Three teenagers will be tried as adults in the murder of a 71-year-old man. Teddy Cook was a beloved figure at a Clarksville laundromat. He was killed in an attack in May.
Joseph Whitwell believes in taking pride in where you work and in what you do. That's something he learned from a man he admired so much, Cook.
"He was like a grandpa to me," said Whitwell. "It's just not the same anymore. I still wait for his truck to pull up at 3 o'clock every day."
In May, surveillance video caught Cook talking to three people on a late night shift at Super Suds Laundromat and Carwash. The video goes on to show one of them repeatedly kicking Cook on the floor and hitting him in the head with the butt of a rifle. While one of the three continued to threaten Cook with a gun, the other two tipped over a coin-operated game machine and stole an unknown amount of money. Police said they also stole Cook's keys before fleeing the scene.
Cook was taken to Tennova-Healthcare Clarksville and then transferred to Tristar Skyline Medical Center. He remained in the hospital until he died June 9.

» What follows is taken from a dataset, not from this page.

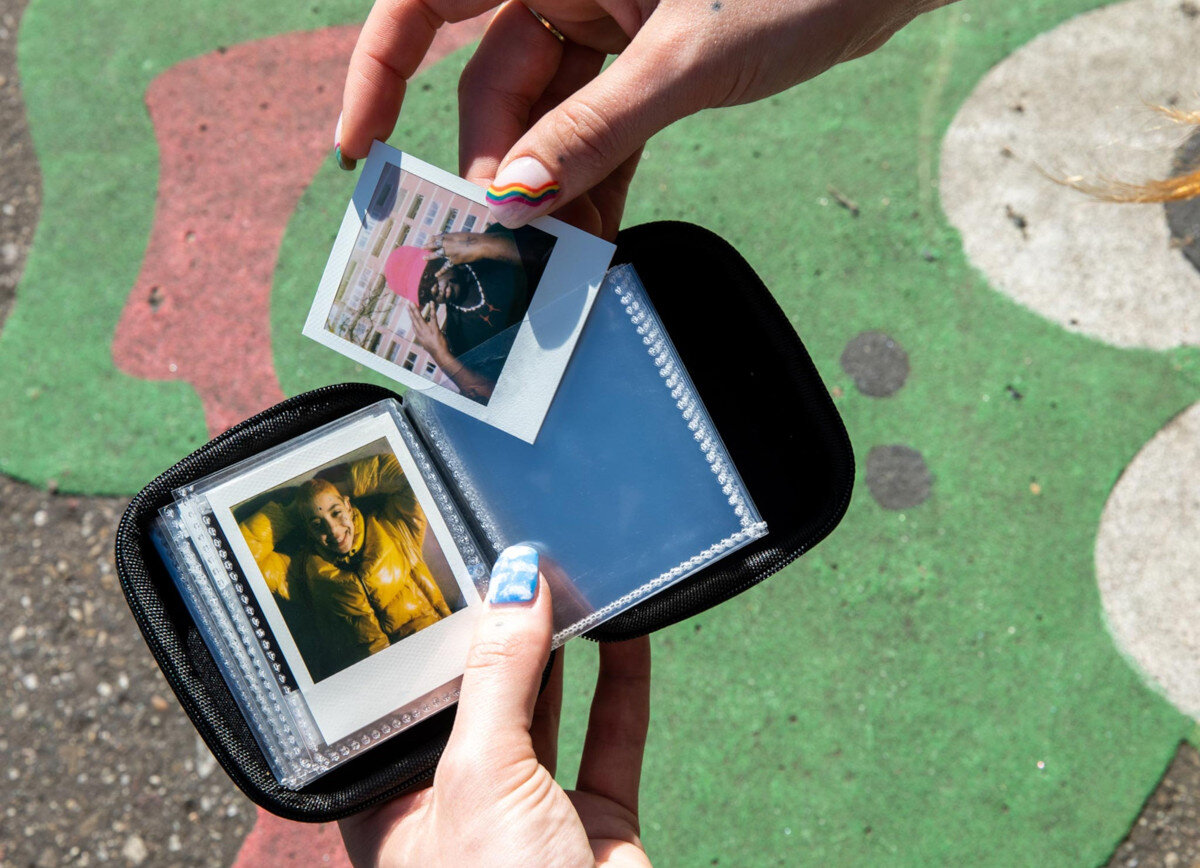 Aparat POLAROID Go Czarny + Wkład (16 zdjęć) efekty funkcje lampa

Several days before he passed, News4 talked with Cook by phone in the hospital.
About the teens, Cook said, "The devil is in what they did, and I wish to the good Lord they'll straighten up."
"The fact that I come here every morning is, and I walk past it every day and I see it on the floor, it doesn't go away," said Whitwell. "It's burned into my head. It plays over and over. Coming here to the place where he died, where we lost him, is just really hard. Everything's changed. It feels different now. It doesn't feel like the same place anymore."
Something big's just happened in the case. Jevon Brodie, Tavares Harbison and Harrison Smith, all 14 and 15-years-old, are being tried as adults. All three are charged with two counts of first degree murder and three counts of especially aggravated robbery. The bond for all three is set at $250,000.
"You killed a man," said Whitwell. "You took someone's family member. You still have to pay the punishment for it. By the age of 13 or 14, you should know right from wrong, and what they did was wrong.
Waiting on the arraignment hearing next month, Whitwell said he has a duty to continue a good man's legacy by working hard and looking after the people who come in every week.
"I think about him every day," said Whitwell. "It's every time I come into work, every time I come home. I miss him very dearly."